My character hadn't talked to this other character in like 15 years.
And that was the note, and she left.
And I might have mumbled.
That does nothing for me.
Because what is I?
You know what I mean?
Like, I know that if I'm having dinner with my wife,
and someone says,
oh, the reason they're acting like that
because they've been married for 34 years, people would be like, oh, that makes sense.
But if someone went over to the waiter and said, they just met two days ago, the waiter would say, oh, that makes sense, right?
So there lies my, that's the end of my spiel.
Can I ask you a question then?
What is the opposite of that?
What is something a director can say to you that is the most helpful?
That is the opposite of these characters haven't seen each other for 15 years.
Well, the smart-ass answer, which is somewhat true, is faster, slower, happier.
I mean, those are very useful.
pick up the pace, pick up the cues.
Those are like, oh, gotcha.
Those are, you know, it's just very,
the other thing that really doesn't happen that much,
but it's sort of, I feel sometimes the job of the actor
to translate a note to is like actable actions.

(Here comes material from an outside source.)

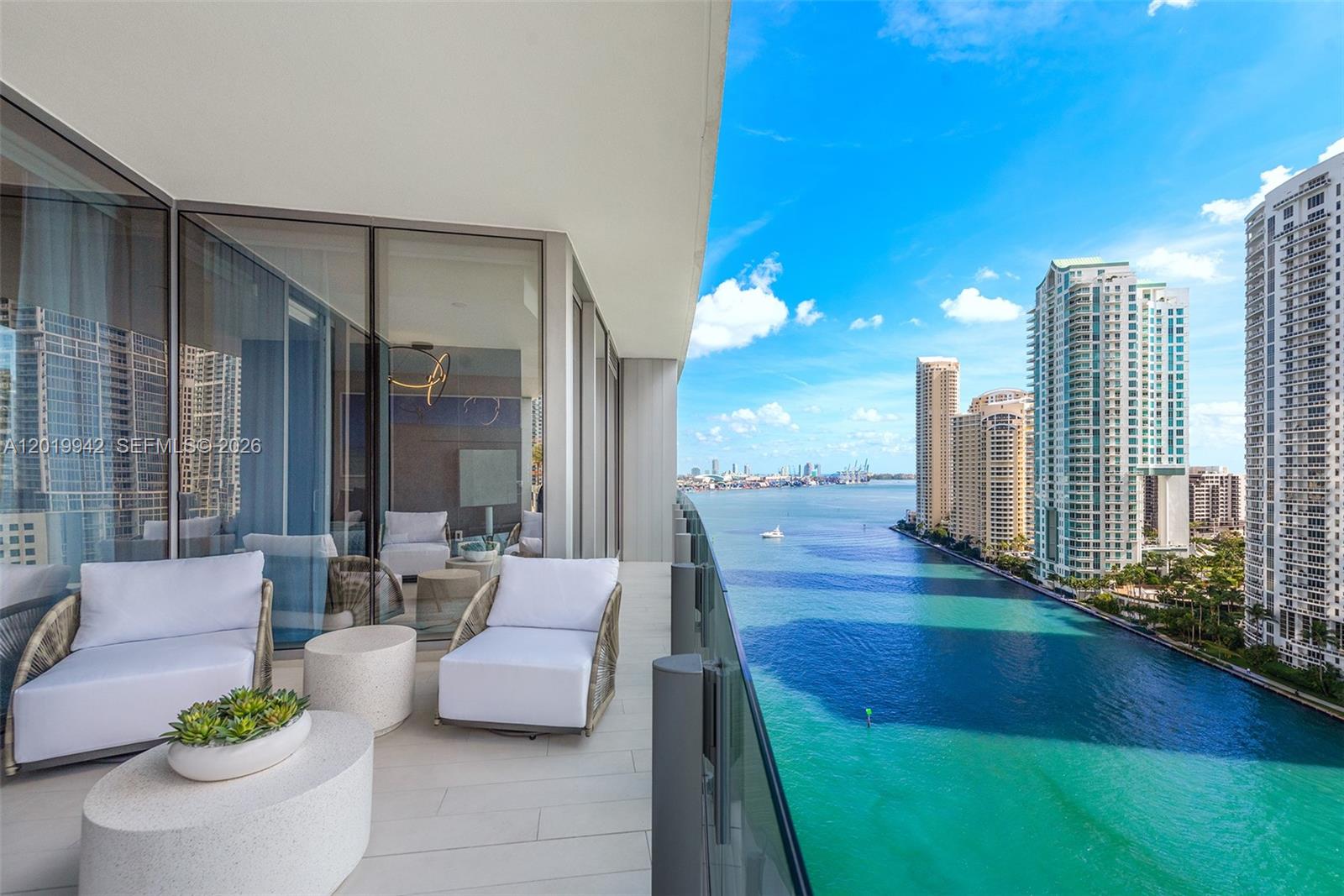 A high-rise balcony features white lounge chairs and tables overlooking a bay and city skyline — 300 Biscayne Blvd Way # 1605, Miami FL 33131, MIAMI, FL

Like if the director comes up and says,
this passage right here, you're flirting,
that's like flirt there.
I know how to flirt.
So it doesn't matter what the words are.
If the director's like, on this thing, you're confiding,
then I'm like, I got it, right?
Like roll it and I'll lean in and confide someone.
Those are very active.
Those are so useful.
You know, you're doing something.
You know.
But those aren't usually what comes up on set.
Does Kirsch know how to flirt?
That's just a.
An important question I have, right? I think so. I think so. I sort of chose that.
Yeah. When I took the job, I thought like I do, I try to, like, don't get seduced by the fact that he's not human.
Their job is to show up and people lean in because they want to see behavior, right? They want to see, I mean, that's the theory, right?
People want to see behavior. They want to see spontaneity and they want to see drama. And that's
where drama is. So you have to like, so all I could do is bring, I was like, you know, we dressed
it up. I realize I'm doing something, right? I'm doing, you know, I do know, I'm aware that I'm doing
something. And I spent, I worked really hard to try to come up with something at hello, an economical,
superficial way to say he doesn't seem normal.
And then you work on that really hard
so that hopefully when people watch it, they say
he just seems like he's, you know,
that it doesn't seem like you're doing anything.
So there's that part.
And then the other part is just to bring yourself,
bring your, so be available to within the scene
that you're just present and available
to having a spontaneous response to what the others are doing.
And that's, you know, so bring yourself to the job.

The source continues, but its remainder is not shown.